Соланж попыталась встать.
– Голова кругом, помогите мне спуститься. – Но стоило ей встать, как она, дрожа от холода, тут же упала д’Анжервиллю на руки. – Крепче держите меня, д’Анжервилль, это ужасно, я чувствую, он собирается прийти.
– Я знаю, – отозвался д’Анжервилль, прижимая ее чуть сильнее. – Я знаю, чего вам сейчас хочется. Вам хочется, чтобы и я над вами надругался и занял его место. Вы этого желаете?
– Ах, ну нет! Это не о вас и не обо мне. Это наши отдельные любови – они все и сделают! Да! Хочу, чтобы он навестил меня… Сейчас, здесь! Моя комната – мой ужас.
– Я приведу лошадей, чтоб вы могли вернуться, – сказал д’Анжервилль, стремительно укладывая Соланж на гробницу. Одна ее рука повисла как чужая.
– Да что с вами такое? Вы и впрямь этого хотите? – пробормотал д’Анжервилль, приблизив к ней лицо.
– Да, хочу!
– Я приведу лошадей, – сказал д’Анжервилль.

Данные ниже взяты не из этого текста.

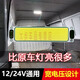 車(chē)載車(chē)內閱讀燈駕駛室照明燈貨車(chē)箱貨車(chē)室內燈led頂燈12v24v通用面包車(chē) 長(cháng)方形12v24v通用（108珠）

– Сначала поцелуйте меня крепко, глубоко в рот! – велела Соланж.
Д’Анжервилль ушел, не подчинившись, но, вернувшись с лошадьми в поводу, обнаружил, что Соланж лежит, будто и впрямь умерла: она не сдвинулась ни на долю дюйма. Он пал на колени и поцеловал ее в рот, как она и просила. Тело Соланж стало негнущимся, одеревенело. Д’Анжервилль взял ее за талию, с усилием поднял и принялся стаскивать с саркофага. Но ее шпора застряла между кирпичей. Вскоре они поддались, раскрошившись в труху. Но д’Анжервилль потерял равновесие, и их тела, падая, со всей силы толкнули черную лошадь Соланж, та встала на дыбы и понеслась меж могил, жалобно заржав в тишине надвигающейся ночи.
– Постойте минутку, – сказал д’Анжервилль, – я ее догоню.

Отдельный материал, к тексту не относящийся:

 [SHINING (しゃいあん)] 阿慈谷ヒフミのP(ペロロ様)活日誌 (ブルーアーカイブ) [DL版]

– Не могу, – отозвалась Соланж, – обоприте меня о кипарис.
Д’Анжервилль так и сделал, но тело Соланж застыло угрюмым манекеном. Голова откинулась в ветви, царапавшие ей лицо, но это лишь подчеркивало таинственную улыбку порочности; Соланж часто и сильно жмурилась.
Д’Анжервиллю удалось наконец усадить Соланж к себе в седло, ее лошадь он взял под уздцы и помчал галопом, как безумец, до самого Мулен-де-Сурс, обогнав шествие как раз у ворот деревни Либрё. Он на руках внес окаменелое тело Соланж в обеденную залу.
– Не ко мне в комнату! Положите меня на стол, – сказала она.
– Шествие добралось до деревни. Жени и Жирардан будут здесь с минуты на минуту, – закричал д’Анжервилль, и лицо его впервые стало грубым и безобразным.
Соланж будто заходилась от смертельных мук, ее стиснутые зубы оголились в улыбке.
Крючки, державшие юбку, от бешеной скачки оборвались. Д’Анжервилль просунул руку в разрез и почувствовал, как голое бедро Соланж обжигает ему ладонь, а грудь ее при этом – как лед. Одной рукою в раю, другой – в аду.
Д’Анжервилль пробормотал вопрос, из которого слышно было только слово «хочу», но по тому, как сжалось напряженное горло Соланж в мучительной попытке сглотнуть, он понял, что потоп желания уже залил ее волю.
Он глянул на лестницу, но Соланж крепко держала его. Она хотела здесь, прямо на столе их воздержания, где два года за каждой трапезой они не впрок давились желанием.
– Но более никогда! – Ее голос едва донесся к нему с удаляющегося берега привычного мира.